** Data for this task **
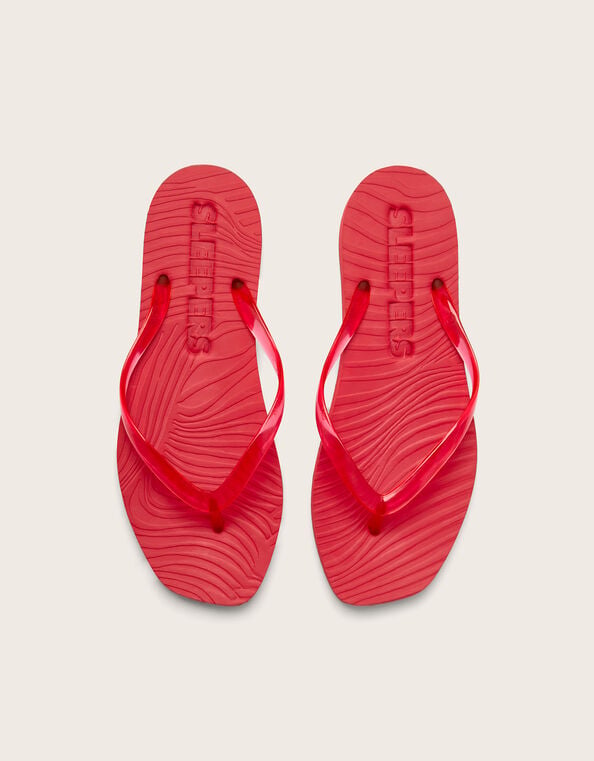 East Tapered Platform Sandal, Red (RED), large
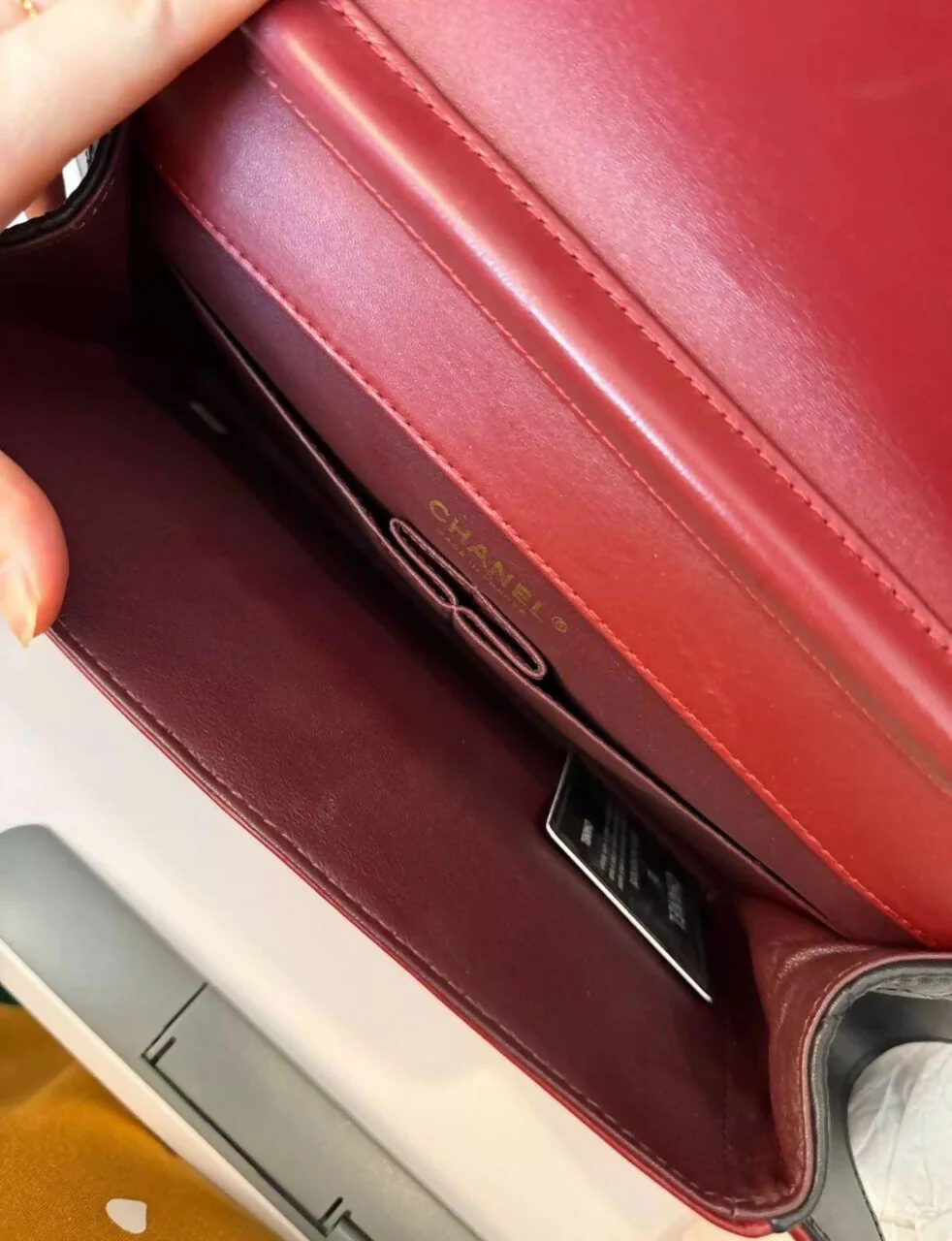 Chanel 2014 Vintage Brasserie Gabrielle Menu Clutch - Image 8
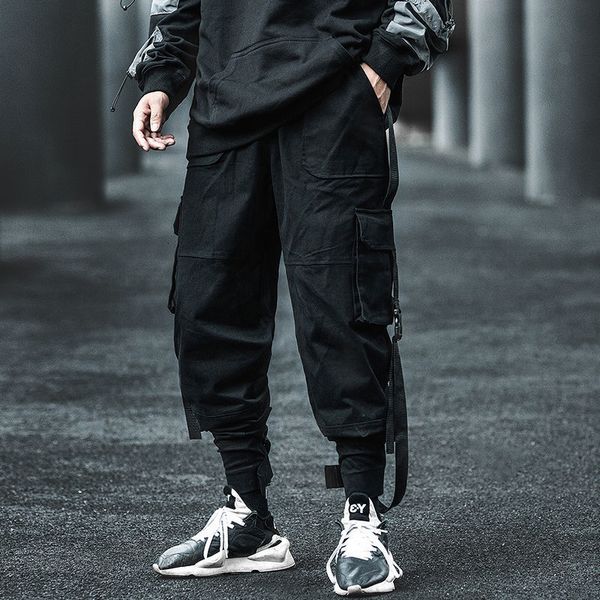 hybskr men's black straight harem korean man loose trousers 2020 autumn new streetwear male fashion casual cargo pants
hybskr men's black straight harem korean man loose trousers 2020 autumn new streetwear male fashion casual cargo pants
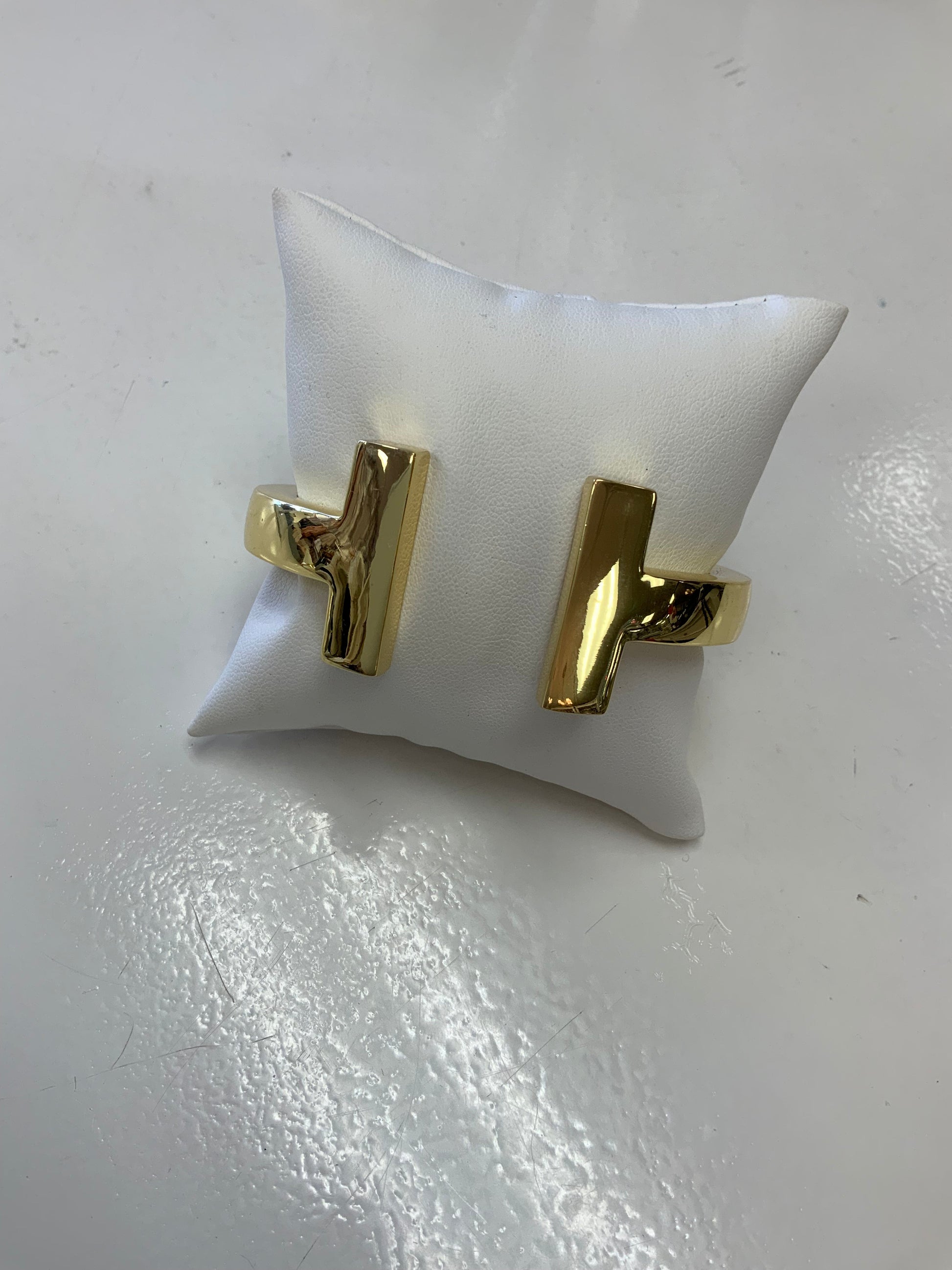 Gold T Hinge Bracelet - Heritage-Boutique.com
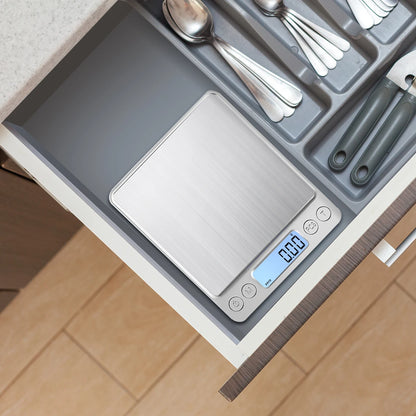 Digital Kitchen Scale 3000g/0.1g with LCD Display, Mini Jewelry Pocket Food Scale for Home Use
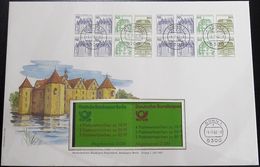 DEUTSCHLAND 1982 Mi-Nr. MH 24 + BERLIN MH 13 Markenheft - FDC - 1981-1990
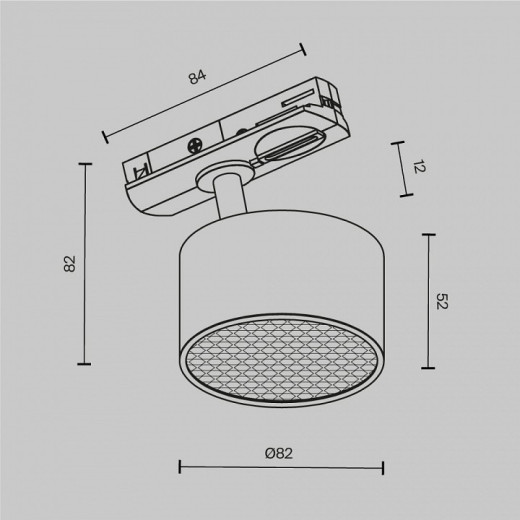Светильник на штанге Maytoni  TR225-1-GX53-W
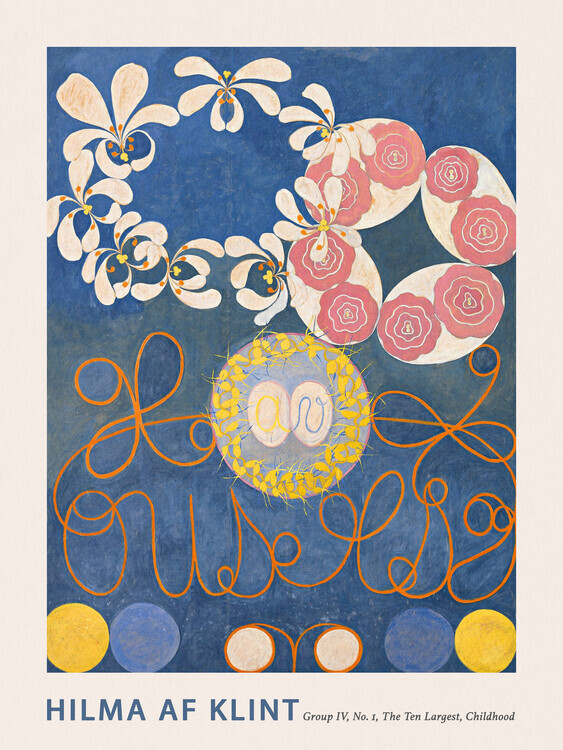 autor Plakát, Obraz - The Very First Abstract Collection, The 10 Largest (No.1 in Blue) - Hilma af Klint, 30 × 40 cm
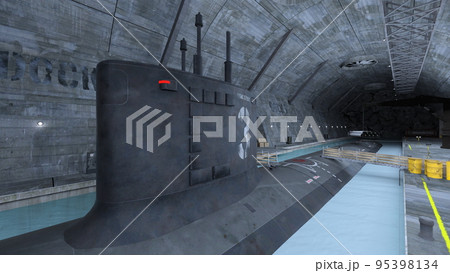 潜水艦ドック 95398134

** Task details **
Your reply should hold only the records, duplicated exactly, without any image.

** Exercise solution **
 East Tapered Platform Sandal, Red (RED), large
 Chanel 2014 Vintage Brasserie Gabrielle Menu Clutch - Image 8
 hybskr men's black straight harem korean man loose trousers 2020 autumn new streetwear male fashion casual cargo pants
hybskr men's black straight harem korean man loose trousers 2020 autumn new streetwear male fashion casual cargo pants
 Gold T Hinge Bracelet - Heritage-Boutique.com
 Digital Kitchen Scale 3000g/0.1g with LCD Display, Mini Jewelry Pocket Food Scale for Home Use
 DEUTSCHLAND 1982 Mi-Nr. MH 24 + BERLIN MH 13 Markenheft - FDC - 1981-1990
Светильник на штанге Maytoni  TR225-1-GX53-W
 autor Plakát, Obraz - The Very First Abstract Collection, The 10 Largest (No.1 in Blue) - Hilma af Klint, 30 × 40 cm
 潜水艦ドック 95398134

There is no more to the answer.